Nowadays, they believe in, “show me the money” and imagine that the results will follow. But it is actually the other way round. Results will follow only if leaders can create a vision and a statement by defining the “how” part. We have to move from transactional leadership to transformational leadership. Transactional leadership centres on one activity while the latter focuses on creating an environment where everything is synergistic. It’s like the saying that goes, “You cannot create an orchestra by whispering.” So a leader has to engage each individual in an organisation to play their strengths and create an orchestra. It is not just about a single performance. It’s like Messi scoring a goal or Virat Kohli hitting a hundred. The excitement they have is about making magic happen. And leadership is to believe in the success and make sure others believe in it too. There is a saying, “I don’t mind if my leader is slow as long as I know he is going in the right direction.”
Leaders in organisations need to move away from using the word “subordinates” and use the word “team members”. They need to have a collaborative mindset.
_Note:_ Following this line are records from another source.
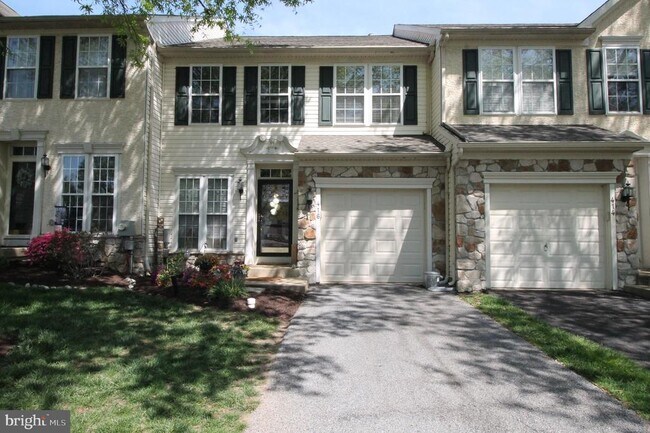 Building Photo - 416 Kilgrass Terrace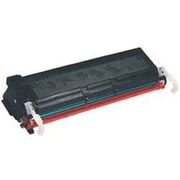 NEC PR-L2800-12 /EF-GH1206 対応リサイクルトナーカートリッジ ブラック ECT-NL282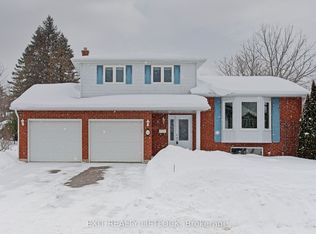 12 Victoria Ave, Selwyn, ON K0L2H0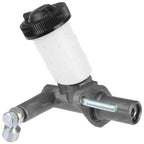 1x Clutch Master Cylinder 4cyl 2.2L for Mazda MX6 (1987-1991)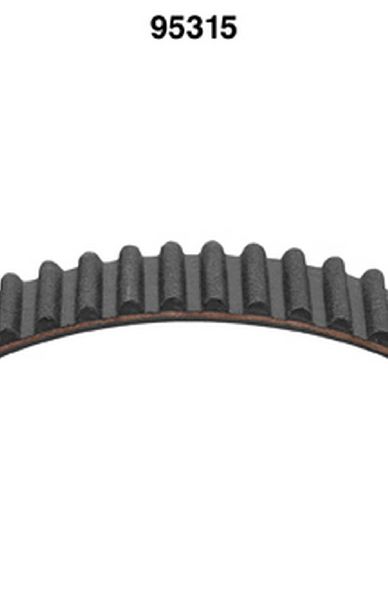 1999-2005 Hyundai Sonata Engine Timing Belt - Camshaft (Dayco)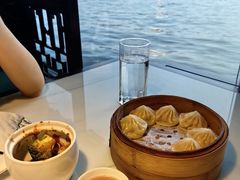 -柳莺湖上·湖景餐厅·江南菜(西湖店)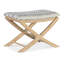 Retreat Upholstered Bench-790116940
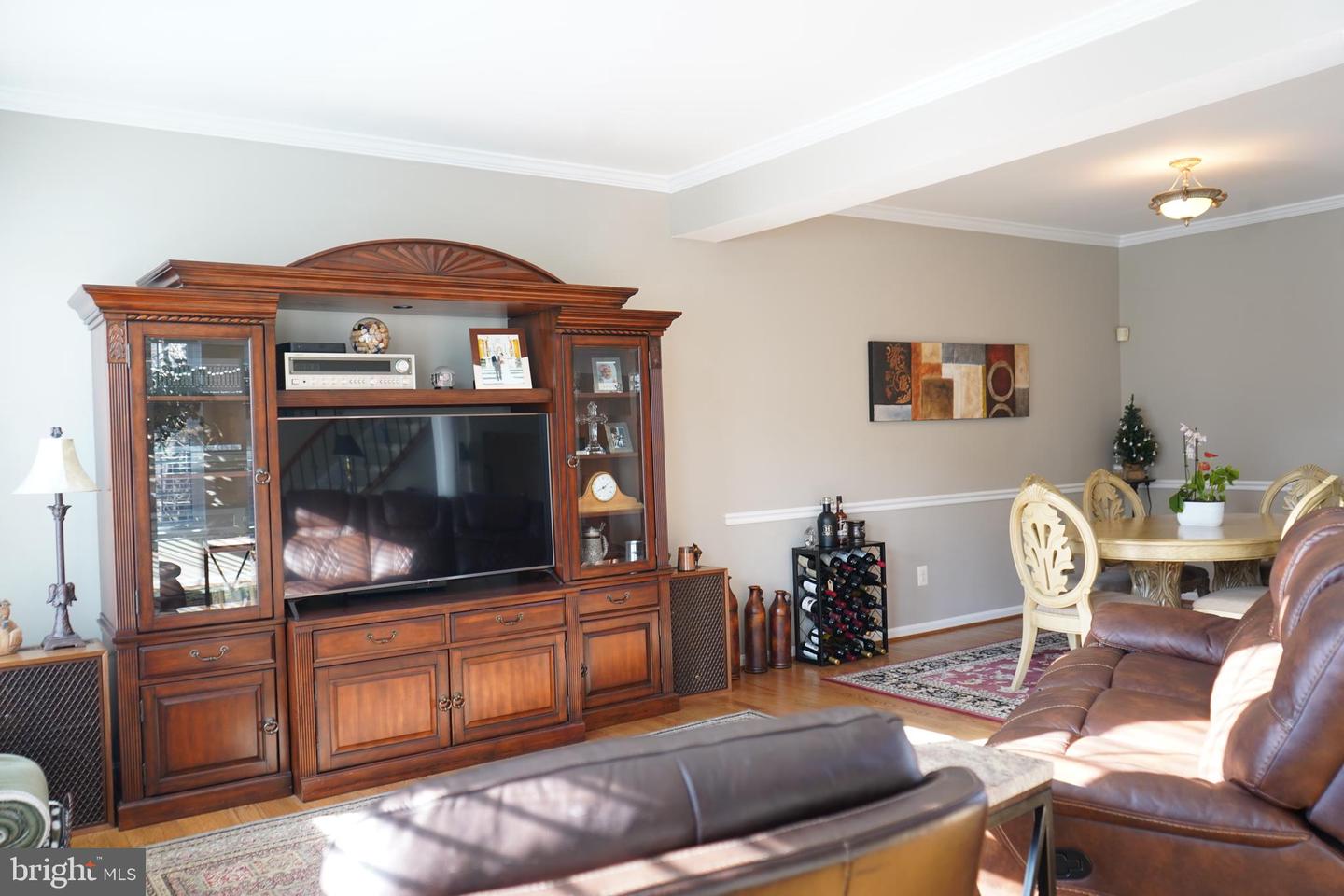 47501 SHARPSKIN ISLAND SQ, STERLING, Virginia 20165, 3 Bedrooms Bedrooms, ,2 BathroomsBathrooms,Residential,For sale,47501 SHARPSKIN ISLAND SQ,VALO2113038 MLS # VALO2113038 47501 SHARPSKIN ISLAND SQ, STERLING, Virginia 20165, 3 Bedrooms Bedrooms, ,2 BathroomsBathrooms,Residential,For sale,47501 SHARPSKIN ISLAND SQ,VALO2113038 MLS # VALO2113038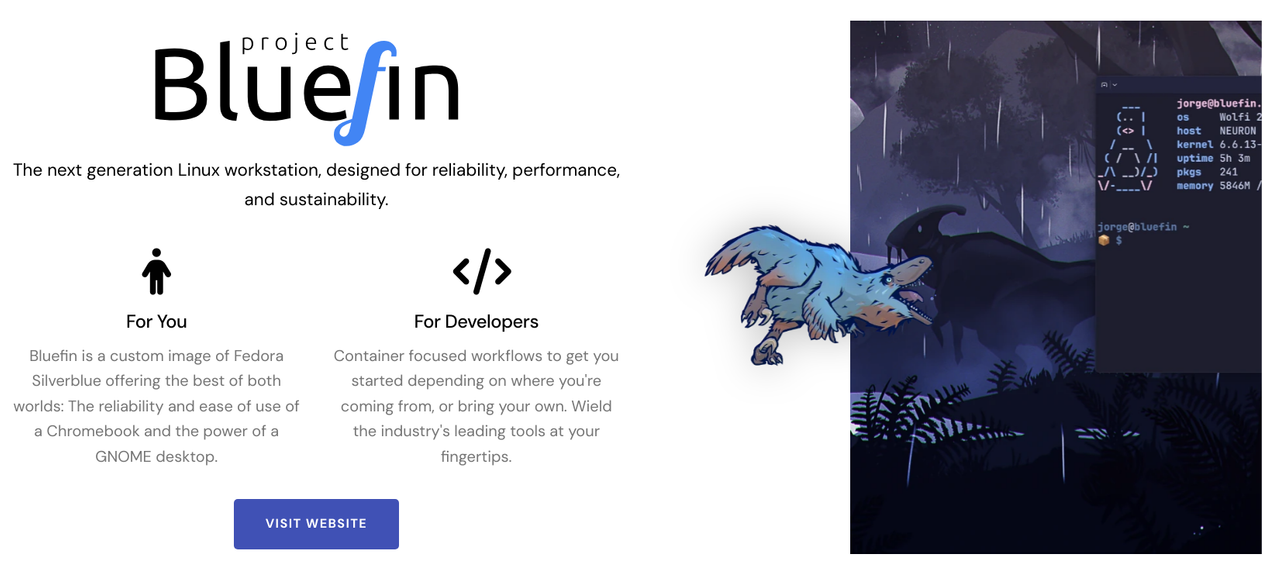uBlue 3.png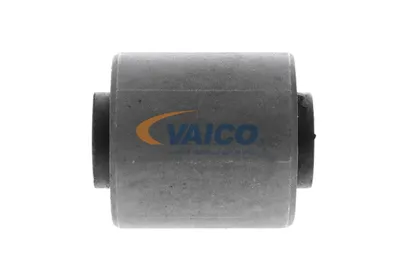 Produktbild von VAICO Haltefeder V10-5443 für VW GOLF VI (5K1)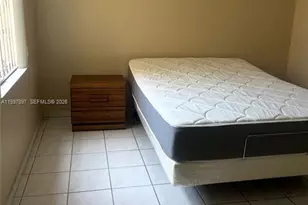 9340 W Flagler St, Miami, FL 33174 - Photo 17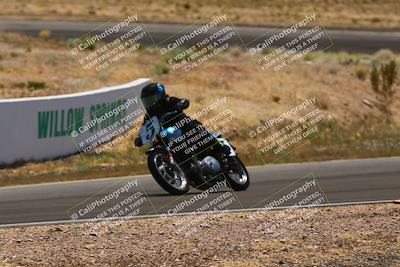 media/Apr-19-2025-AHRMA (Sat) [[3d98ca3309]]/Race/Group 1/Turn 4/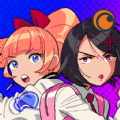 River City Girls apk download for android  0.00.864243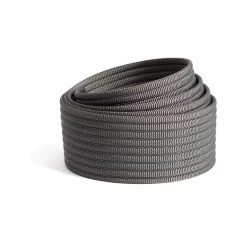 Men's Webbing Strap - 1.5 Inch 7 Men's Webbing Strap - 1.5 Inch -Casual Wear Shop 63743 GREY l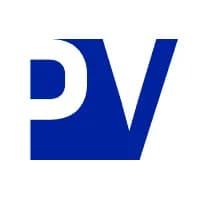 Privnode Logo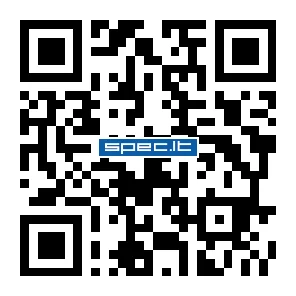 QR kodas | RETSTA LT, MB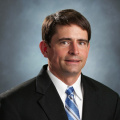 Dr. Charles Jones, MD - Greenville, NC - Family Medicine, Cardiovascular Disease
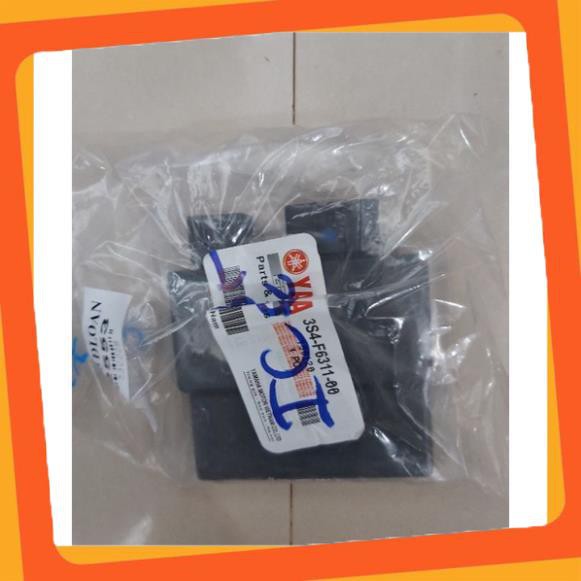 Ic exciter 135 thường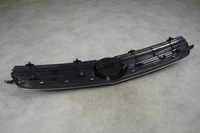 фото thumb №6, Решётка радиатора решётка радиатора opel vectra c 02-05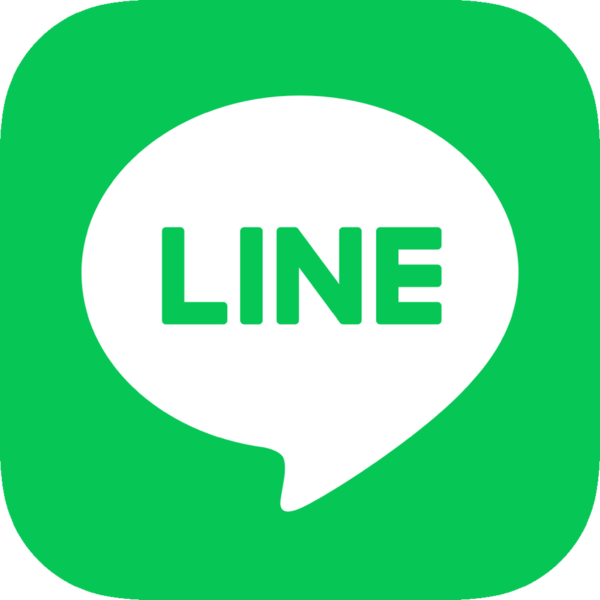 line octa8888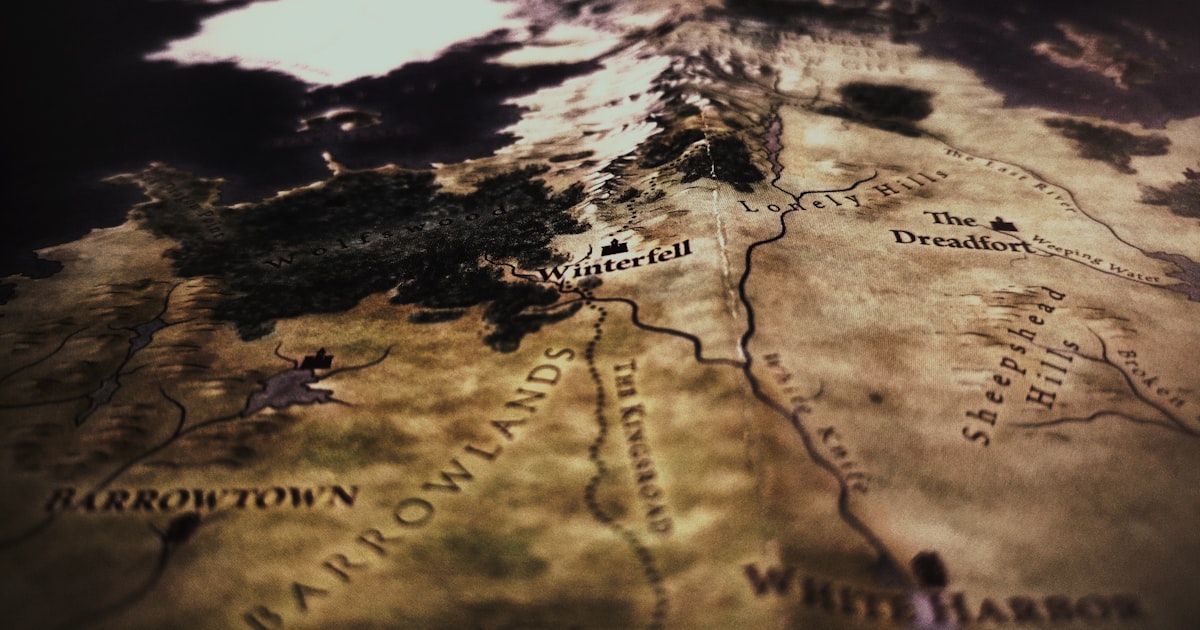 De Rijke Geschiedenis van Nederlandse Begraafplaatsen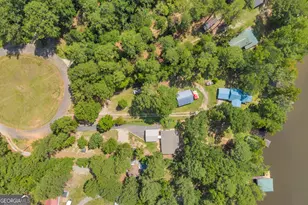 106 Turtle Ct, Eatonton, GA 31024 - Photo 71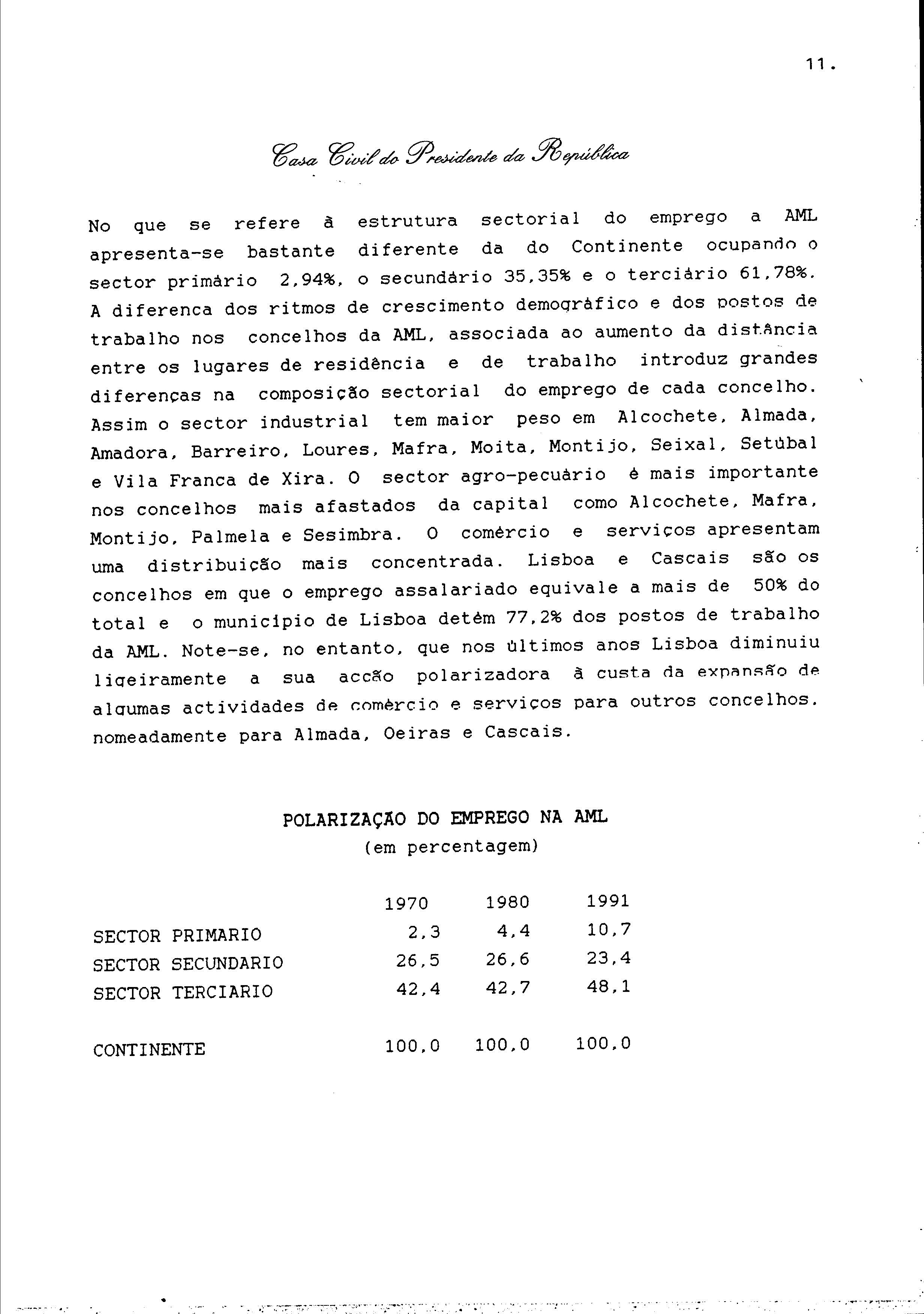01623.002- pag.24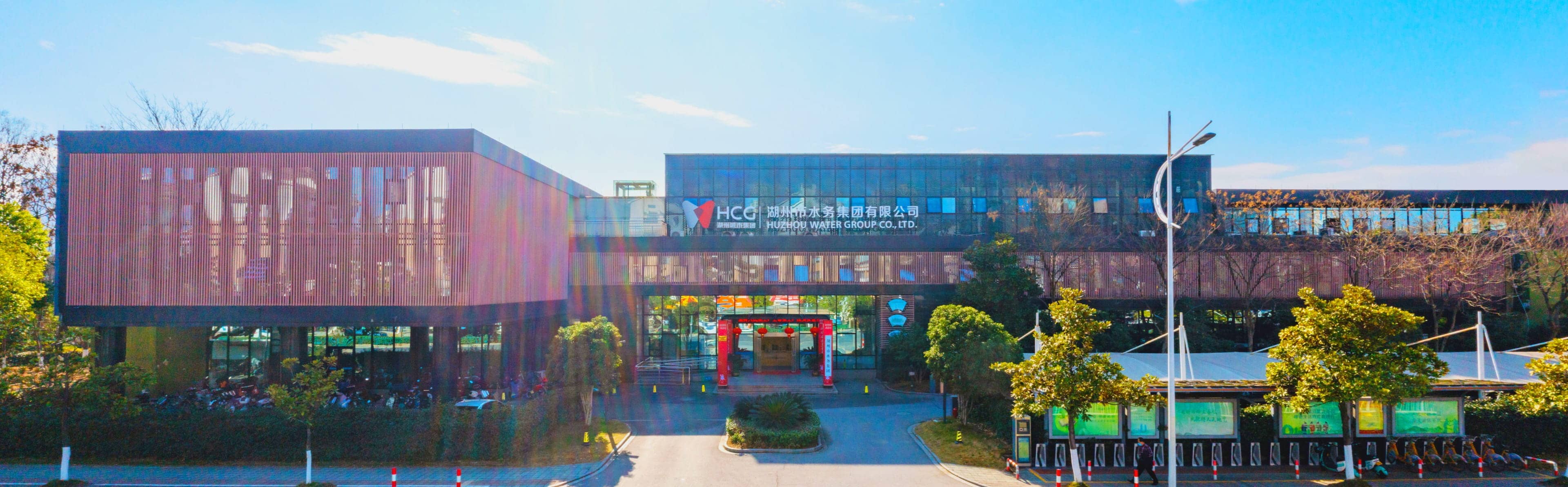 谈球吧官网-相信品牌力量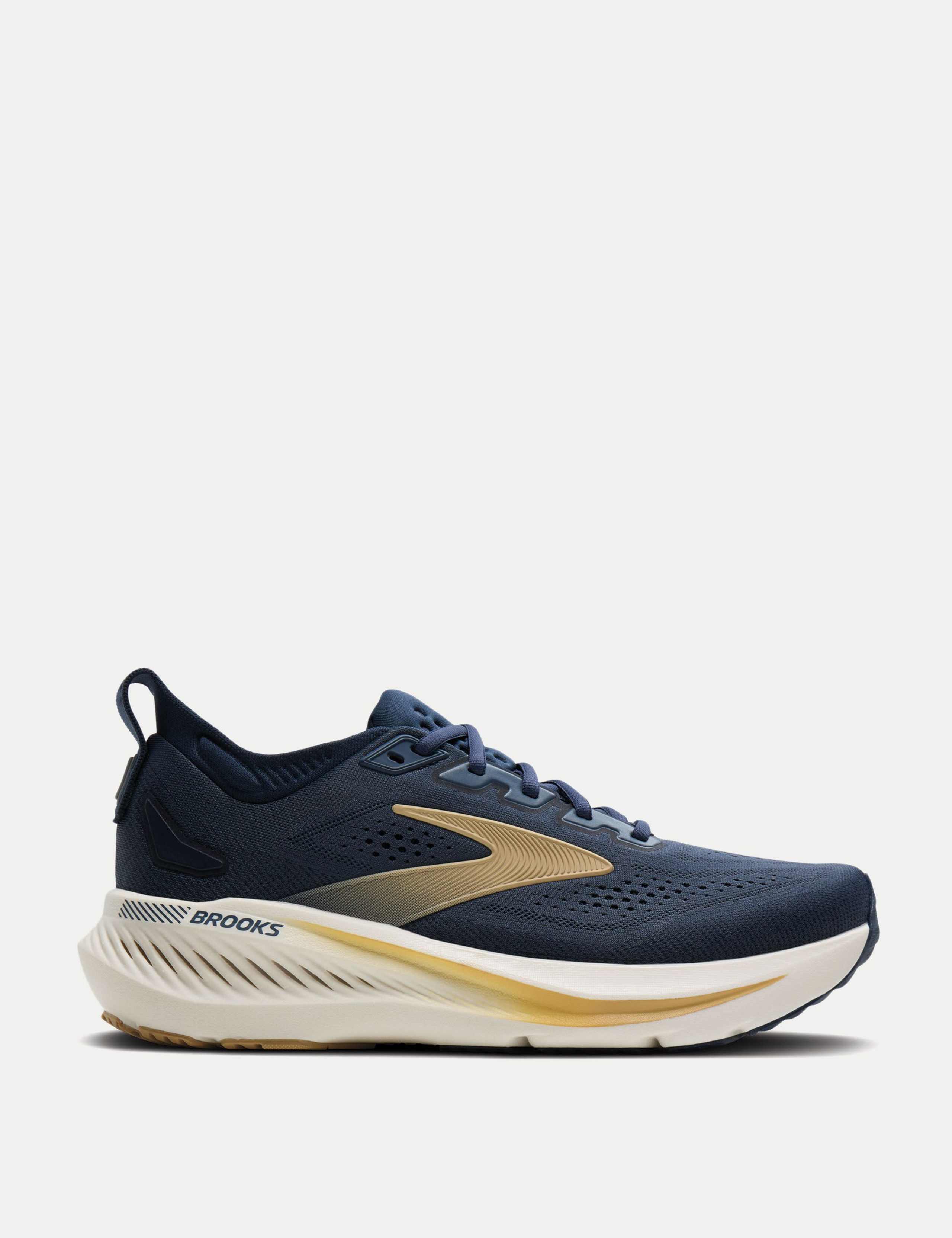 Glycerin GTS 23 Running Trainers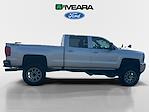 2017 Chevrolet Silverado 2500 Crew Cab SRW 4x4 Pickup for sale #CP6259 - photo 6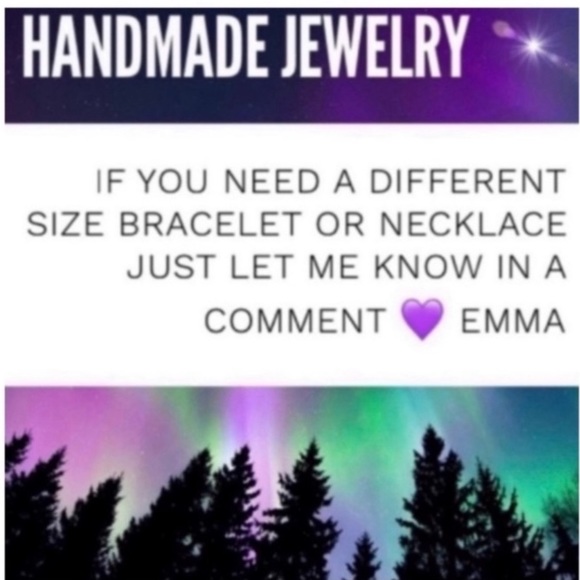 Dainty cz choker Boho chic cubic zirconia 3 disco ball boho rock trendy necklace - Picture 3 of 12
Companies never make profit. It is the people who do. Leaders create destinies, balance sheets, workforce, environment, economy and the world power. Today, the world really needs some strong leaders. We’re going through some pretty tough times but I’m sure the issues in leadership will be figured out.
Is it that we need some leaders as role models?
Yes, there has to be role models. It’s like creating value proposition at both internal and external levels. If there are certain value propositions, sooner or later people will be able to realise that value. What that value means is what it means to an organisation and to an individual. But the challenge is how? It is about selling the vision of the organisation as a family. And what connects the people engaged to achieve a common organisational goal is the belief. If the employees are connected with a common belief, they will be able to build up a collaborative effort to achieve the goals.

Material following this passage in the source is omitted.